What is being asked:
With pictures left out, return only the lines from the line containing "Natrvor 5-in-1 Skin Repair Sunscreen SPF50+" through the end of the material below, both included.

Data segment:
= Beginning of Section =
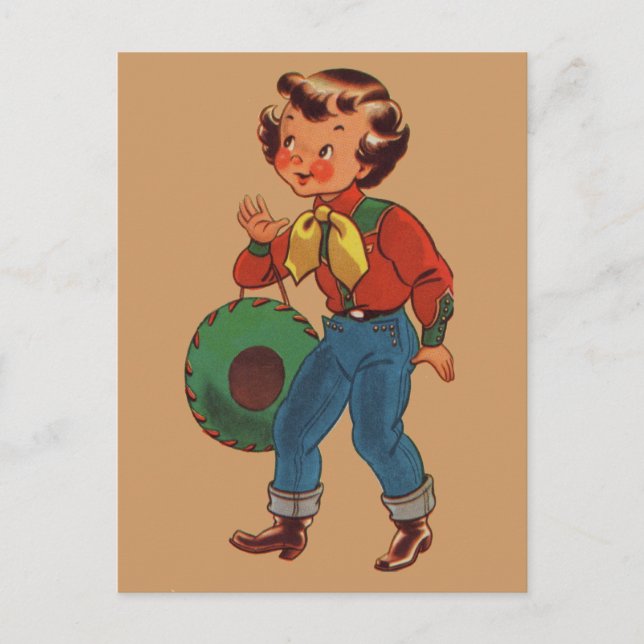 Cartão Postal Betty, a Cowgirl (Frente)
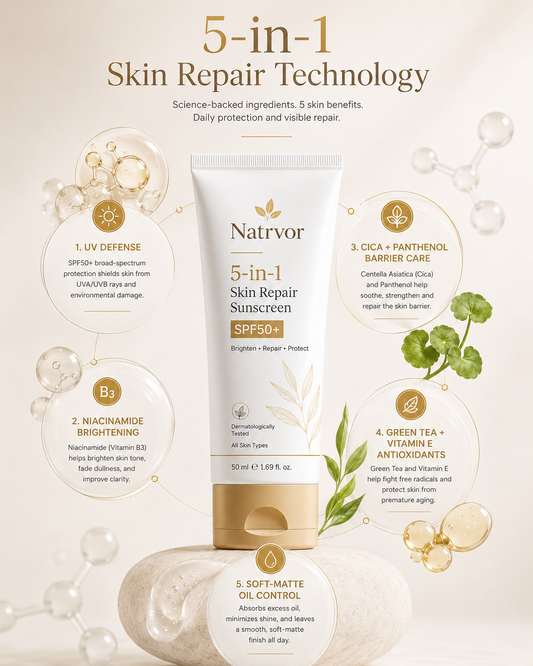 Natrvor 5-in-1 Skin Repair Sunscreen SPF50+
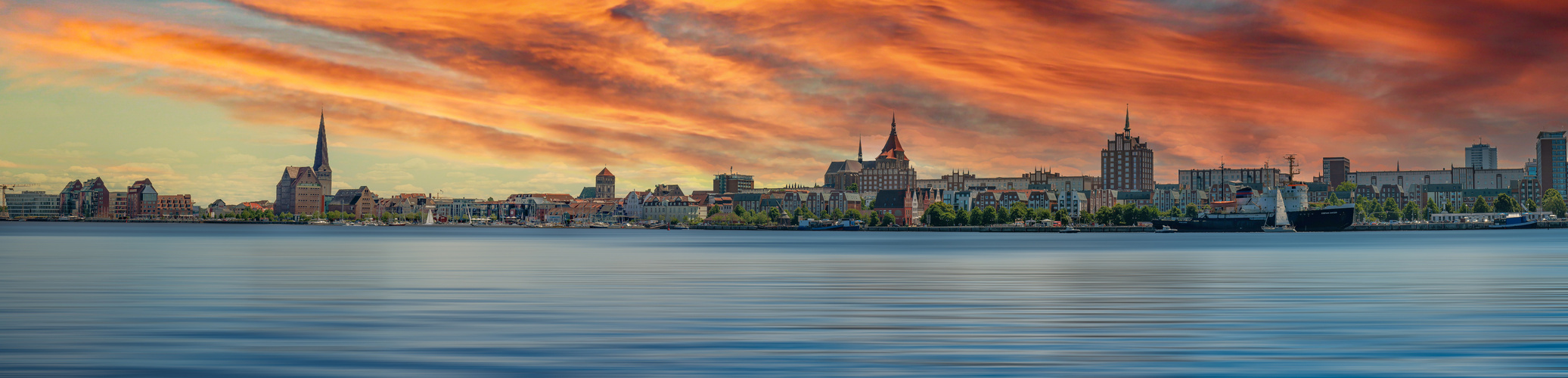 Skyline von Rostock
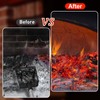 Long Handle Fireplace Ash Sifter, Hollow Out Metal Coal Shovel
= End of Section =
Output of the task:
 Natrvor 5-in-1 Skin Repair Sunscreen SPF50+
 Skyline von Rostock
 Long Handle Fireplace Ash Sifter, Hollow Out Metal Coal Shovel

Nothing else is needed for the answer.